Actually, my biggest concern are the bar pass rates for CBE schools. After doing some research, it appears Monterey does a bit better than those in the Los Angeles area. Do you think that bar pass sucess rates are largely due to the individual or the school they attend? Or do you think the CBE schools do not fair quite as well because students are not required to have a bachelor's degree or have higher LSAT scores as ABA schools? Would like to get your opinion on that.
Several factors influence bar pass rates for CBE schools versus the pass rates for ABA. Lower academic requirements for admission may be a factor, but I'm convinced that it is not the predominant reason - or even a terribly significant one - for the lower pass rates by CBE grads. The students who graduate from CBE programs have all shown that they can perform competent legal analysis and they can pass the same law school exams that you'd find at any ABA school. The real difference lies in the attention to bar prep that CBE students on average are able to give. ABA students are predominantly unemployed or part-time workers at most. They tend to enjoy the luxury of having substantial amounts of time to study the law and to prepare for the bar. Conversely, most CBE students have full-time jobs, and a large percentage cannot take a two-month leave of absence from work to concentrate on the bar. This is the critical difference. The quality of the education itself is no different after they've weeded out the first-year students. Put ABA students in the same shoes as CBE students, or vice versa, and I have no doubt that the pass rates would virtually mirror one another.
« on: May 05, 2013, 02:48:11 AM »
Let me again ask "CA Law Dean" to present employment statistics for his/ her schools recent graduating classes 2010, 2011 & 2013 similar to what the ABA requires its members to present.
Please also provide bar pass stats for your school and the bar pass stats for other CAB schools.

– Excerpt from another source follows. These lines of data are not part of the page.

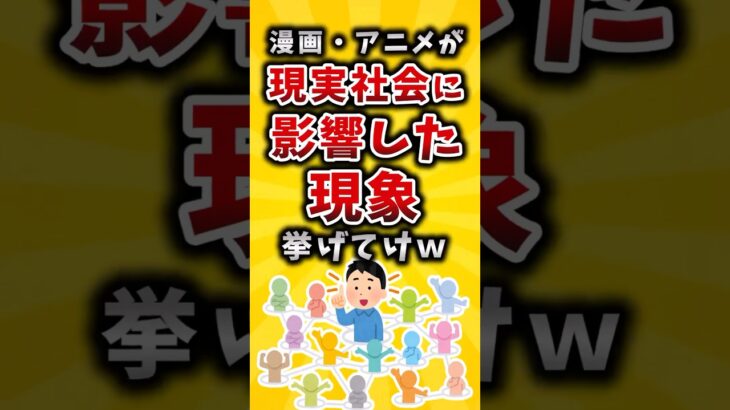 【衝撃】漫画・アニメが現実社会に影響した現象挙げてけw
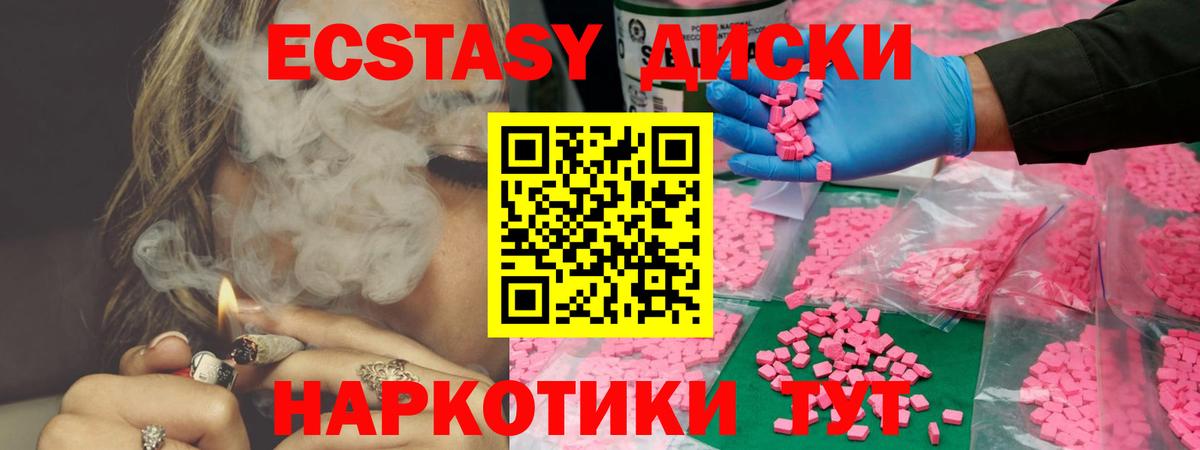Ecstasy Cube  Вход с VPN  Ecstasy 280 MDMA  Серов 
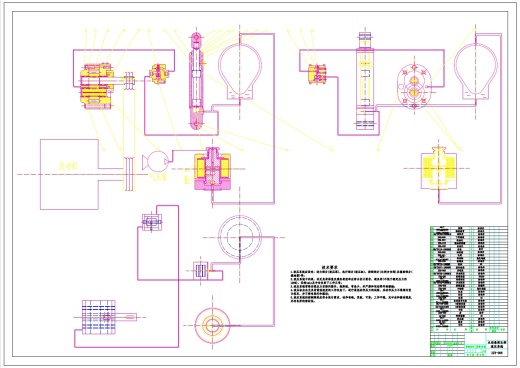 主动悬架比例液压系统设计+CAD+说明书缩略图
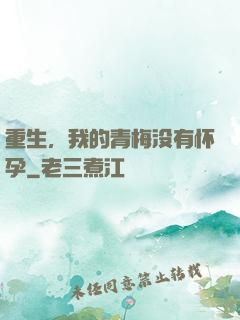 重生，我的青梅没有怀孕
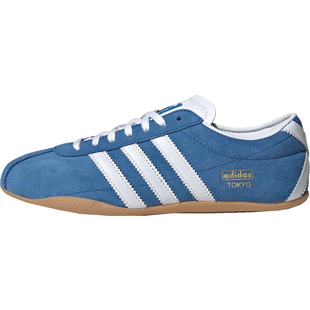 阿迪达斯ADIDAS TOKYO复古百搭女运动休闲鞋JI3297/JI3300/JP9704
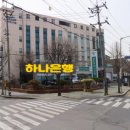 산내들한식부페 이미지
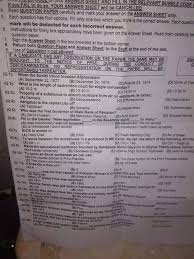 Pin On Ppsc Past Papers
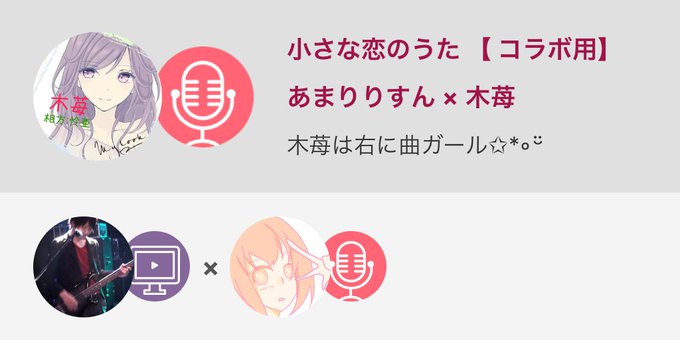 木苺のtwitterイラスト検索結果 古い順 木苺のtwitterイラスト検索結果 古い順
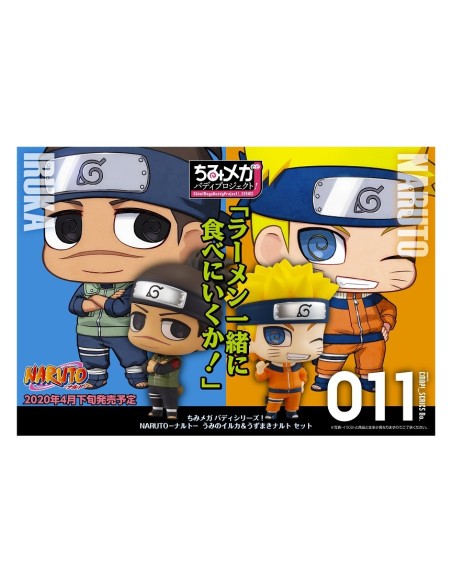 Chimi Mega Buddy Series! Naruto Iruka Umino & Naruto Uzumaki Set Figure
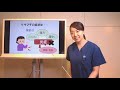 リウマチ患者さんの食事と栄養、運動 / 東京リウマチクリニック健康教室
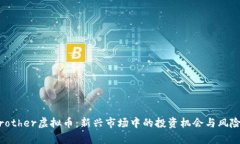 CCBrother虚拟币：新兴市场中的投资机会与风险分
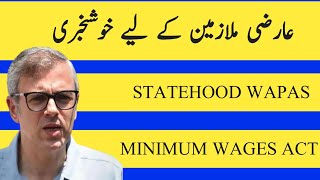 Dailywager permanent Statehood wapas Minimum wages act jampk all dailywager permanent [upl. by Ecirtnas893]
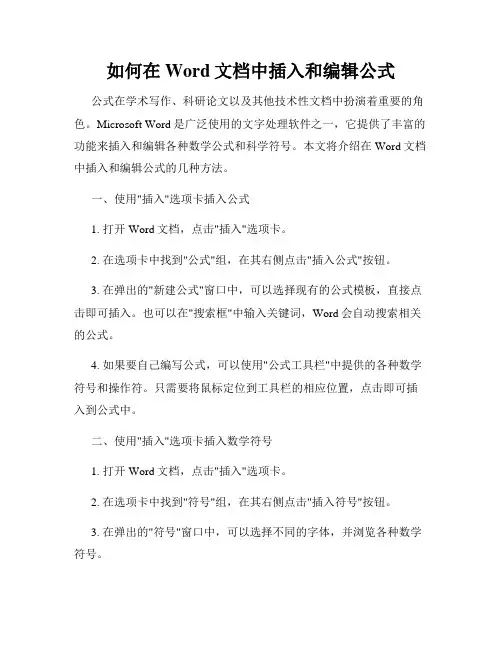 如何在Word文档中插入和编辑公式
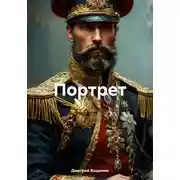 Постер книги Портрет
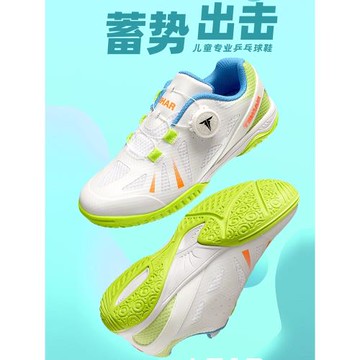 TIBHAR挺拔兒童乒乓球鞋新款專業兒童乒乓球訓練鞋透氣耐磨比賽鞋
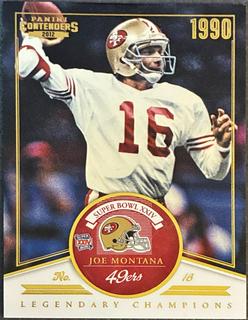 Joe Montana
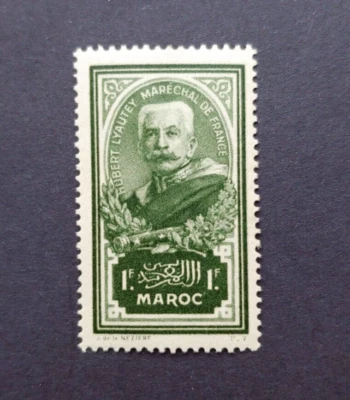 MARECHAL DE FRANCE 1FR+1FR MAROC MOROCCO VF MLH K2 - Image 1 of 2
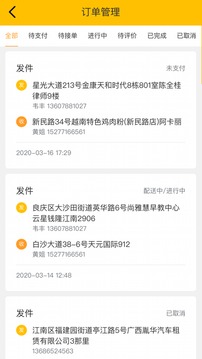 熊极送代理商游戏截图3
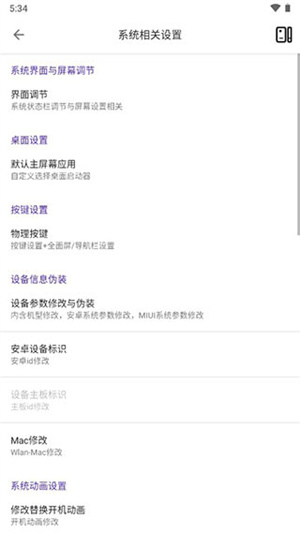 爱玩机工具箱软件APP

The tenor of your posts sounds suspiciously like you would seek to discredit Monterey COL, its dean, and CBE schools in general if given the chance. Or at least to needlessly assert the superiority of an ABA education over the pedestrian variety of a CBE school. Correct me if I'm wrong. But that's how your posts read.

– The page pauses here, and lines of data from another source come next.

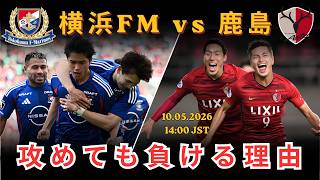 「攻め続けたのに負ける理由」横浜FM vs 鹿島――サッカーの残酷な真実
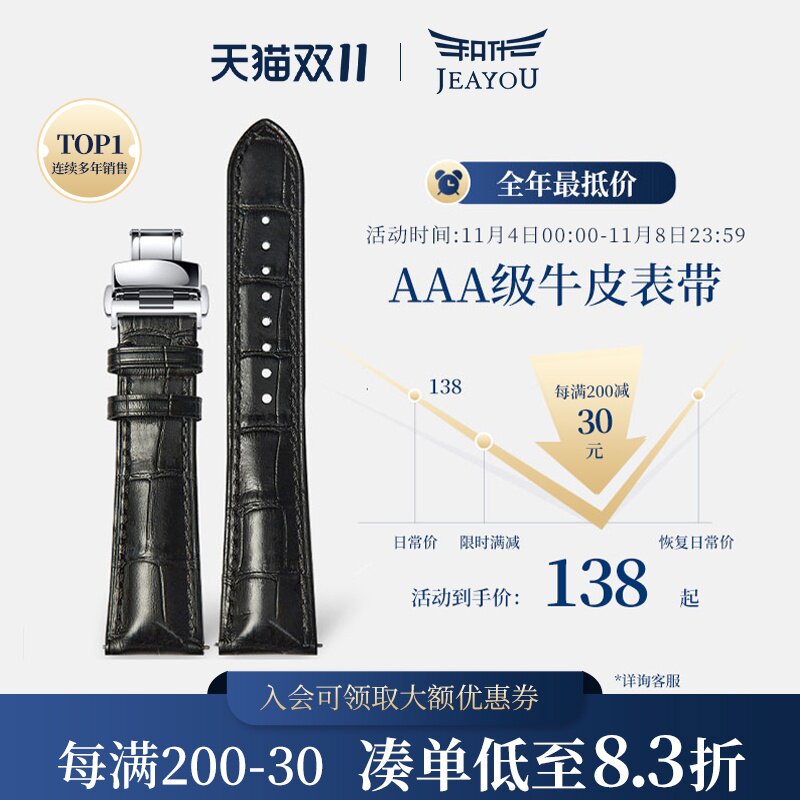 积优表带真皮男女蝴蝶扣适用欧米茄西铁城美度浪琴名匠天梭手表带属于什么档次？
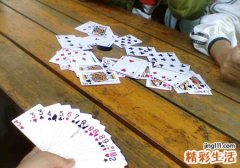 打牌手气不好了怎么办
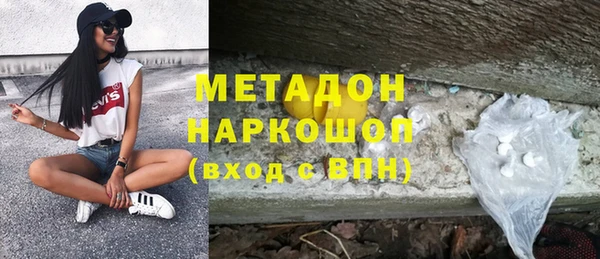 героин Лагань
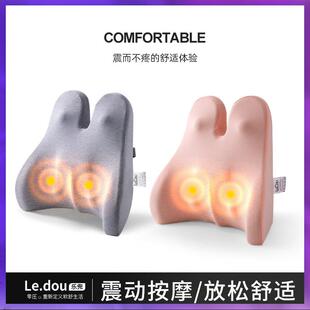 WG6Q电动按摩靠垫办室加F766MT7T椅热抱枕腰靠功公能腰垫椅子久坐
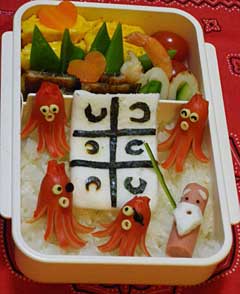shimidoさんの投稿お弁当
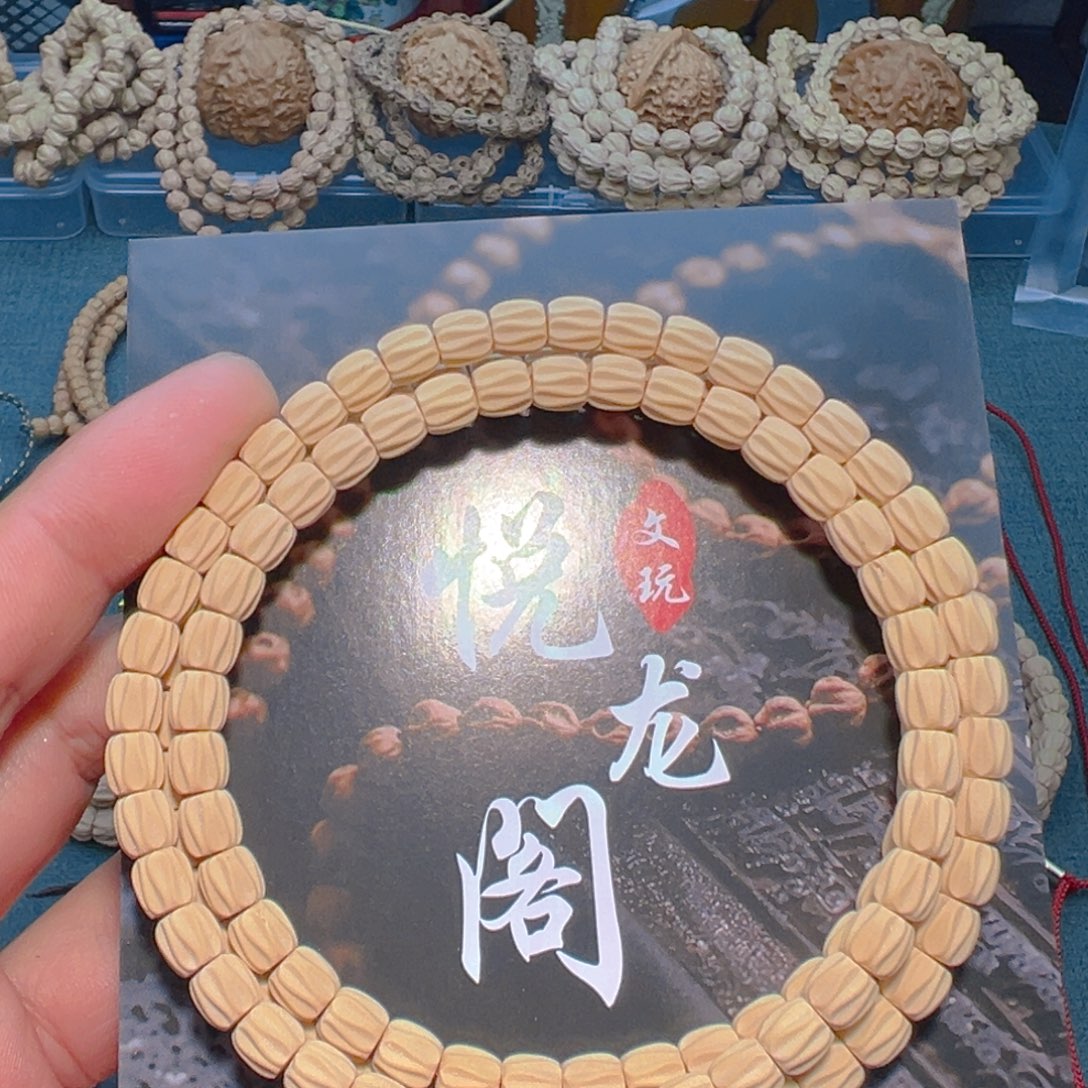 粉***！吊坠柏香籽/百香籽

I attend a CBE school - Lincoln Law School of Sacramento. Our pass rate on the last bar exam was something over 50%, but less than 60%. I don't recall the exact number and I'm not inclined to look it up. Pass rates are posted on the State Bar's website if you want to see them. Nobody claims that CBE grads pass the bar in the same percentages that ABA grads do, or that they have any hope of even coming close. But CBE schools cannot be compared with ABA schools in many ways because unlike ABA schools, CBE schools are not populated with droves of 20-somethings with no professional experience and nothing to do but study the law. CBE schools are primarily attended by working adults, who juggle careers, families, mortgages and night school all at the same time. Landing a job in BigLaw is not on a CBE grad's bucket list. My classmates and I are already gainfully employed in career positions, primarily in law or closely-related fields. A significant number of my classmates work in government - that's Sacramento for you. But the point is that CBE grads do not typically get their degrees and then commence a desperate hunt for lucrative work in the impacted field of law. ABA grads have got that covered well enough without our help. A CBE education is more often a tool to further existing careers. I doubt that most CBE schools keep meaningful records of how many grads are working in law nine months after graduating, although I could be wrong on that point. They definitely keep tabs on who passed the bar. But such records arenít mission critical the way they are with ABA schools, regardless. ABA schools are flooding the country with well-educated, but inexperienced, highly-indebted young people competing for a handful of jobs, many or most of which pay only moderate salaries under the best of circumstances. The employment stats for CBE graduates actually look pretty good, at least to the end that most of us already work in the legal field and we don't seem to have the same problem on average of having to scramble to find employment after graduating.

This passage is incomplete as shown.